Everyone is boo-hooing over the loss of the lovably evil Stefan. “Aw, man, I’m going to miss Stefan,” says Josh. “He’s very good-hearted.” They’ve barely started mourning when the four remaining chefs land in Juneau. Sean Brock of Charleston is standing next to a purple Padma, who quickly shows off the mother lode of Alaskan king crab at Tracy’s King Crab Shack. Guess what? They get to make a dish highlighting the crab.

Josh thinks his poached king crab with succotash and bacon is going to win him $5,000. “I nailed it. 100%.” He couldn’t have been more wrong. Brock, a succotash snob, disagreed and said the “bacon was unnecessary.” Sheldon wins with his miso soup from crab innards, even though Brook’s crab toast and compound butter rocked, too.

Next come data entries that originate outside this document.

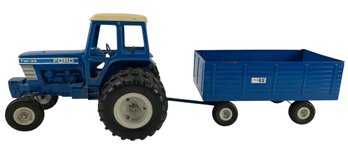 ERTL Ford TW-35 BLue Tractor & The Big Blue Wagon - #S13-3
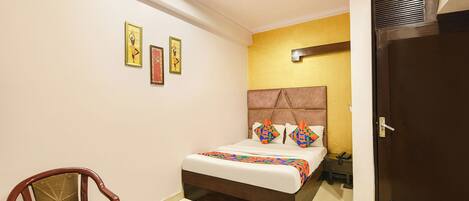 Egyptian cotton sheets, premium bedding, in-room safe, free WiFi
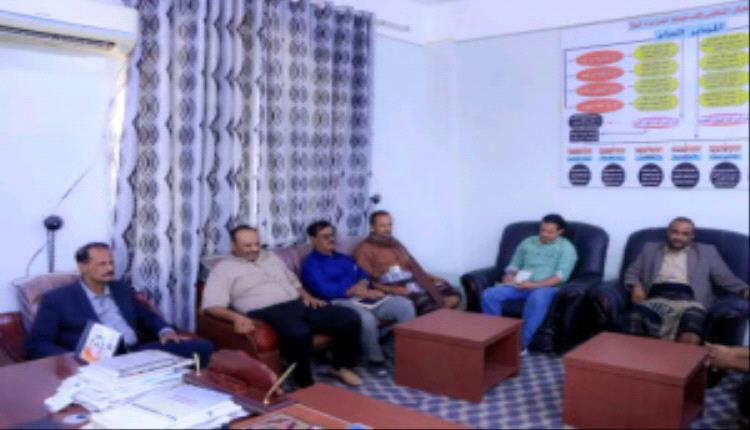 فريق التوجيه الرئاسي يطّلع على أداء فرع الضرائب في شبوة ويعد برفع التحديات
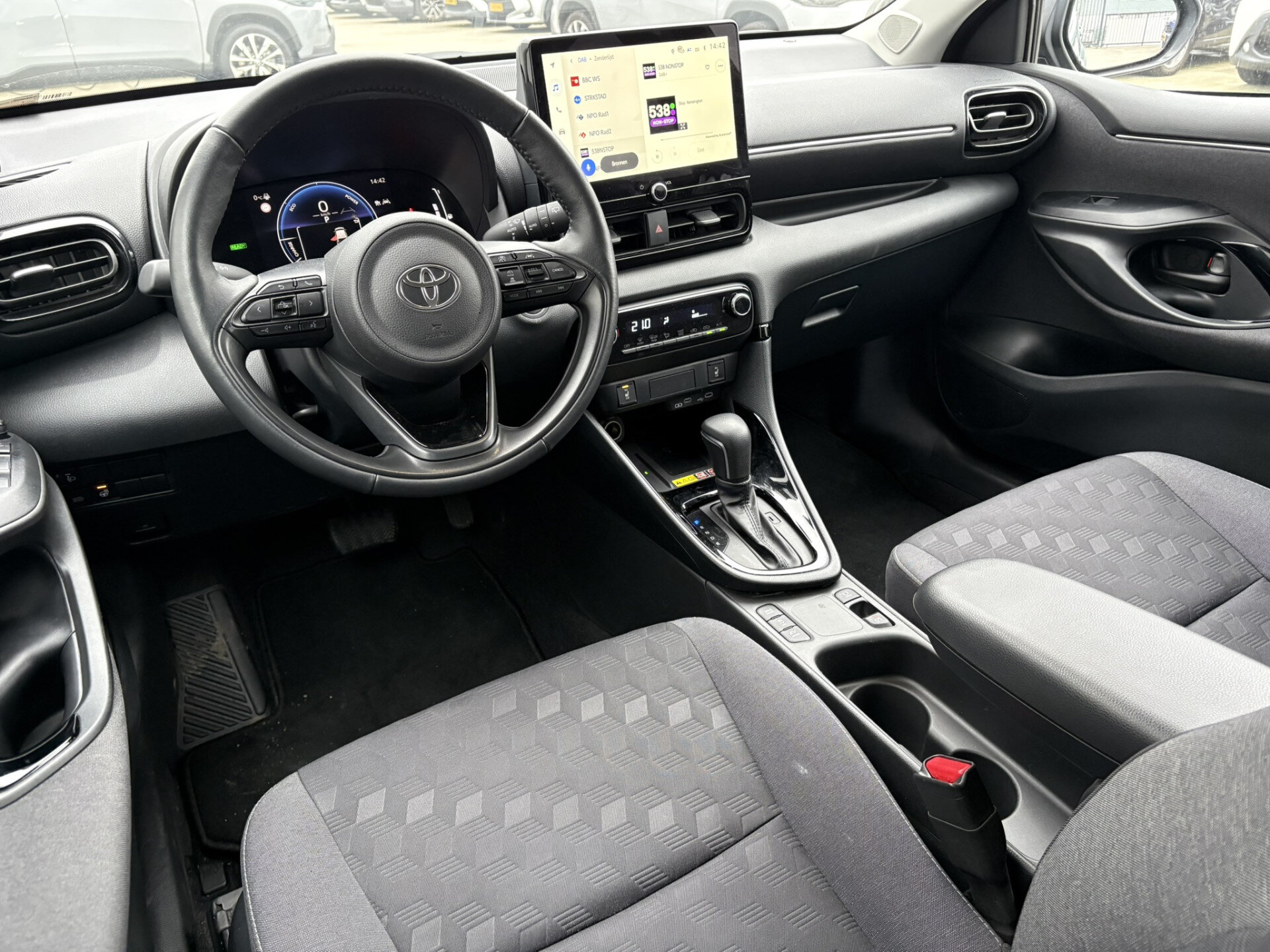 Toyota Yaris 1.5 Hybrid 115 Dynamic - Afbeelding 2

At least Josh has learned his lesson. “I’m done with bacon, apparently.” Thank. Heavens. No more bacon, please.

Round 2: Elimination 

In Alaska, they don’t do barbecue. They have salmon bakes. With sourdough. Of course, this is exactly what the chefs gotta do: make some dayum good salmon and dayum good sourdough, because these Alaskans sure know what tastes good and what doesn’t. The night before the big day, the remaining chefs are messing with their sourdough starter kits, and Sheldon (don’t act so surprised) adds in a little green tea flavoring to his mixture of flour, water, and yeast.

“Of course he somehow works that Asian ingredient into his sourdough bread,” says Brooke. “He’s got this ninja way of keeping his dough together.”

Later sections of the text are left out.